We observed a correlation between the absence of atypical nevi in the lower back-gluteal region and low sun exposure in southern regions during adolescence. Correspondingly, atypical nevi predominantly arise on the back after acute intensive sun exposure during childhood, for example, after a holiday in sunny climates [37].

Lacking seborrheic keratoses on the upper back in women was associated with spending a few hours partially sun-exposed in the summertime during midlife. Ultraviolet radiation has been identified as a risk factor for the development of seborrheic keratoses in several studies [22, 38], whereby UV-induced keratinocyte senescence seems to play a major role [39].

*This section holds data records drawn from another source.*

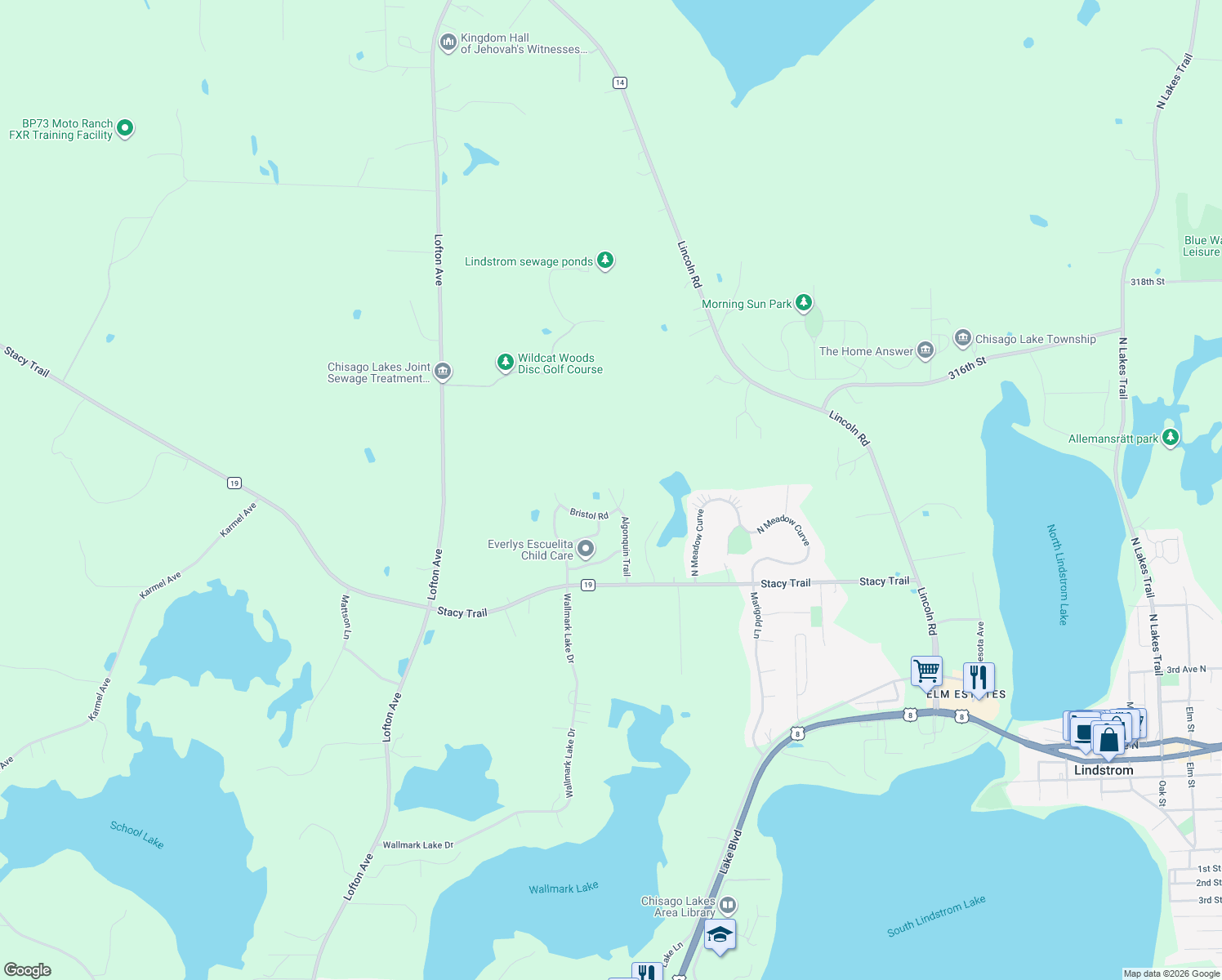 map of restaurants, bars, coffee shops, grocery stores, and more near 11576 Bristol Road in Chisago City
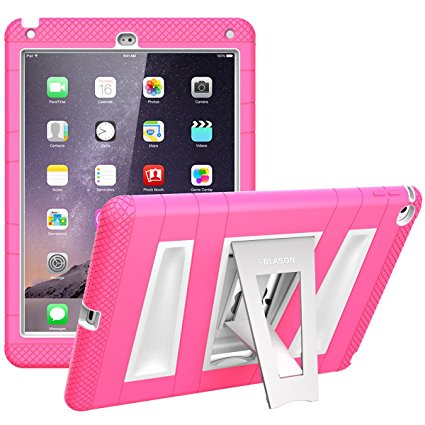 iPad Air 2 Case, i-Blason Apple iPad Air 2 Case ArmorBox [Dual Layer] Convertible [Heavy Duty] Full-Body Protection KickStand Case with Built-in Screen Protector for Kids Friendly 2014 Release (iPad Air 2, Pink/White)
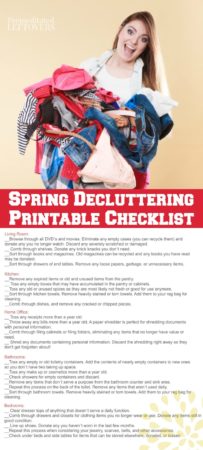 Printable Spring Decluttering checklist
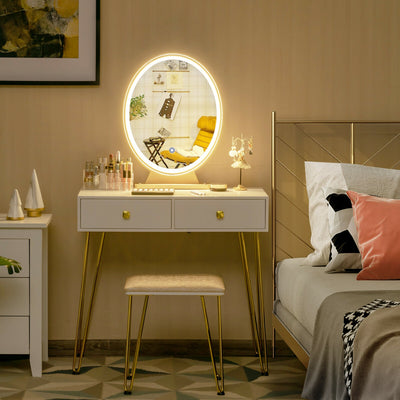 Industrial Makeup Dressing Table with 3 Lighting Modes-White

Absence of hemangiomas on the upper extremities and abdomen in women correlated with high sun exposure during adolescence. Until now, the etiologic role of ultraviolet radiation in the development of hemangiomas has been a poorly investigated issue. However, there is evidence for chronically UV-induced changes in skin angiogenesis such as reduction of cutaneous microvasculature and vessel obliteration [40], which might explain our finding.

In the case of lentigines, we observed an association between the rare use of sunscreens during adolescence and occurrence on the lower extremities in men. UV radiation, particularly the UVB spectrum (280–320 nm), is a well-established environmental risk factor for the development of lentigines [41].

Strengths and Limitations

Participants were examined following consistent inclusion and exclusion criteria. Some previous studies have mainly focused on particular body sites when reporting the prevalence of benign skin tumors. Within our study, we considered all visible skin regions and defined seven body areas to create a more detailed image of how benign skin tumors are anatomically distributed throughout the total body. When reporting the prevalence of common nevi, it should be noted that some results were not comparable between studies, as there is often disagreement on the definition of body areas.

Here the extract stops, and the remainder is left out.